Monday, August 1, 2016
Delay in Issuing Decision Did Not Nullify Arbitration Award—Court of Appeal
By a MetNews Staff Writer
A delay in issuing an arbitration award was not so irregular as to require that the award be vacated, the Court of Appeal for this district ruled Friday.
Div. One, in an unpublished opinion by Justice Jeffrey Johnson, said the delay was not “completely irrational,” and thus did not meet the high standard for vacating an arbitration award.
Rosemarie Meza, a former insurance service representative for the Automobile Club of Southern California, sued for wrongful termination in 2013; the action was stayed pending arbitration pursuant to her employment agreement.
The parties agreed to have JAMS conduct the arbitration, and to bifurcate the issue of punitive damages and have the arbitrator issue an interim award resolving all other issues. Following a hearing lasting several days in May 2014, the parties agreed to waive oral argument in favor of submitting “simultaneously submitted briefs,” and that the arbitrator would decide the case by Oct. 13.
On Oct. 12, the arbitrator informed the parties he was extending the deadline for the interim award to Nov. 17. On Oct. 16, Meza’s counsel objected and argued that the arbitrator’s jurisdiction had expired.
The arbitrator later extended the deadline to Nov. 24, and issued the award the day before that, finding for the employer on all issues and retaining jurisdiction until Dec. 19 to issue a final award. On Dec. 16, the final award in favor of the employer was issued.
Los Angeles Superior Court Judge Michael Johnson confirmed the award and denied Meza’s petition to vacate.
Justice Johnson, writing for the Court of Appeal, said the arbitrator reasonably interpreted the JAMS rules as setting the Nov. 23 date as the close of the evidence and allowing 30 days for the issuance of the final award after that. He rejected the plaintiff’s argument that the 30-day period had to have commenced by October under any reasonable interpretation of the rules.

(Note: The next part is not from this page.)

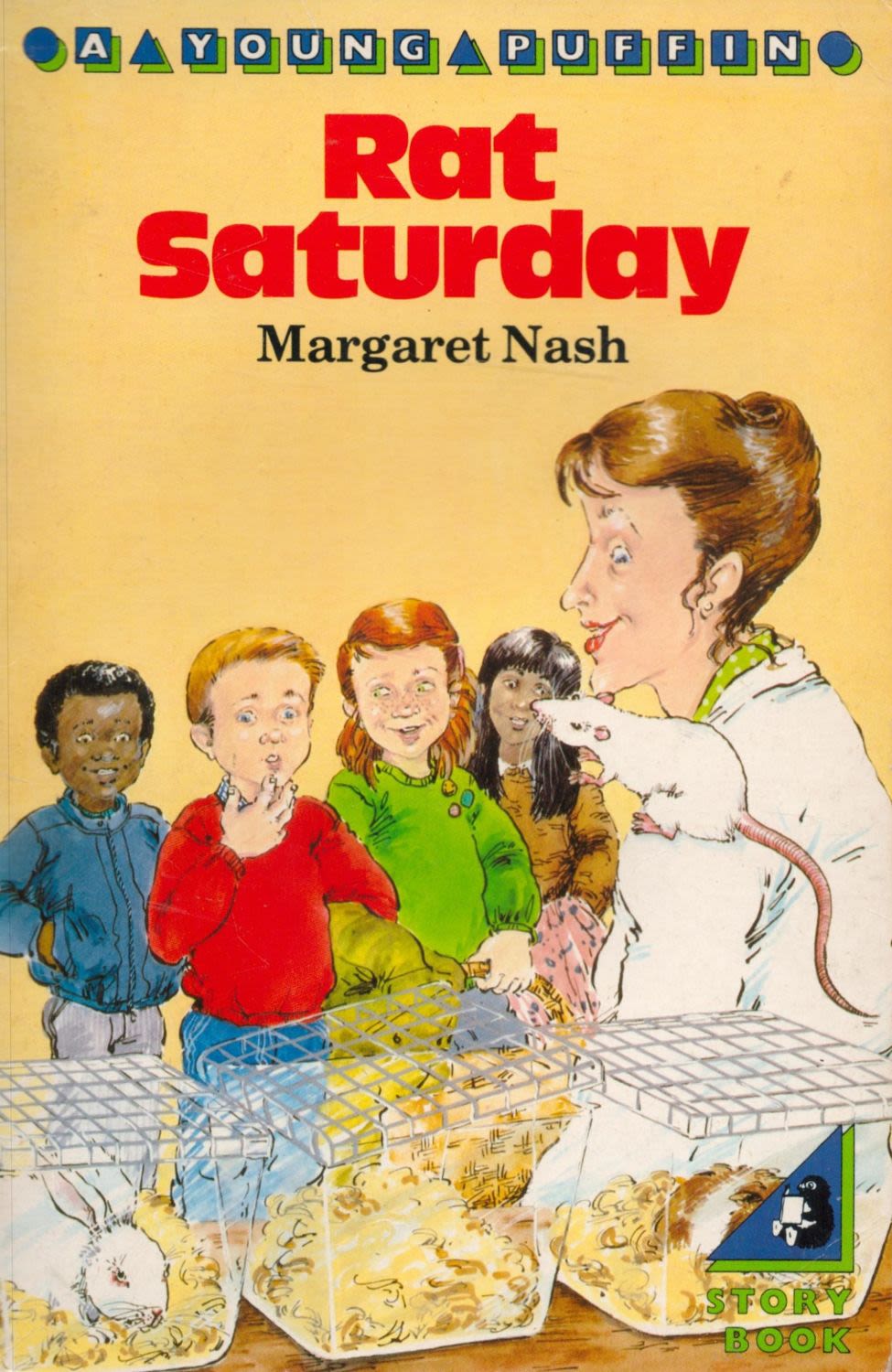 Lot 156: Margaret Nash Signed Book Rat Saturday Softback Book...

Noting that the arbitration agreement gave the arbitrator “exclusive authority to resolve any dispute regarding the interpretation” of the agreement, and that the JAMS rules contain similar language, the justice wrote:
“In light of the language of the Arbitration Agreement and the Rules, and given the wide-ranging grant of authority to interpret that language, we hold that the arbitrator’s interpretation of the Arbitration Agreement and the Rules was not irrational at all. In fact, it was more than plausible; it was both well-reasoned and reasonable.”
The plaintiff was represented on appeal by Gleason & Favarote’s Paul M. Gleason, Brandyn E. Stedfield and Rina J. Restaino. Manuel Dominguez represented the defendant.
The case is Meza v. Automobile Club of Southern California, B264348.